WORK REQUEST → From the material below, please set down exactly the lines starting with the one with "The Sienna Journey" and going on through the one with "f_59dbcde5a9c0", without a single picture.

START SOURCE MATERIAL

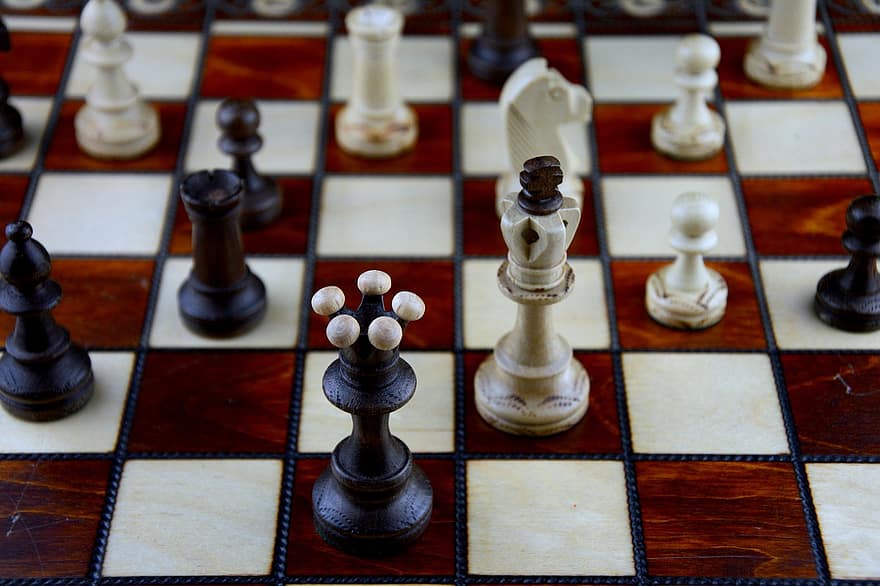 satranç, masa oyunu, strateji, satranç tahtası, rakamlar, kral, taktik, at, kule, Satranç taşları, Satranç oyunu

END SOURCE MATERIAL
START SOURCE MATERIAL

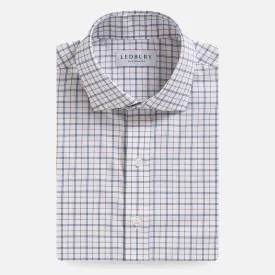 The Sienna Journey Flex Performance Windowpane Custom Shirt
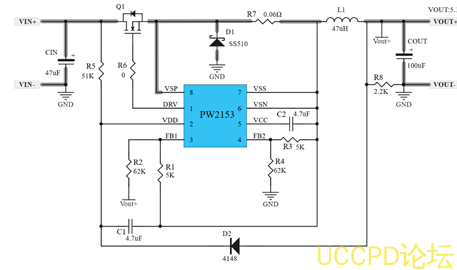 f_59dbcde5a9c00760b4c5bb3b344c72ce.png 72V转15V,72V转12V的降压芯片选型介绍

END SOURCE MATERIAL

ANSWER TO THIS PROBLEM →
 The Sienna Journey Flex Performance Windowpane Custom Shirt
 f_59dbcde5a9c00760b4c5bb3b344c72ce.png 72V转15V,72V转12V的降压芯片选型介绍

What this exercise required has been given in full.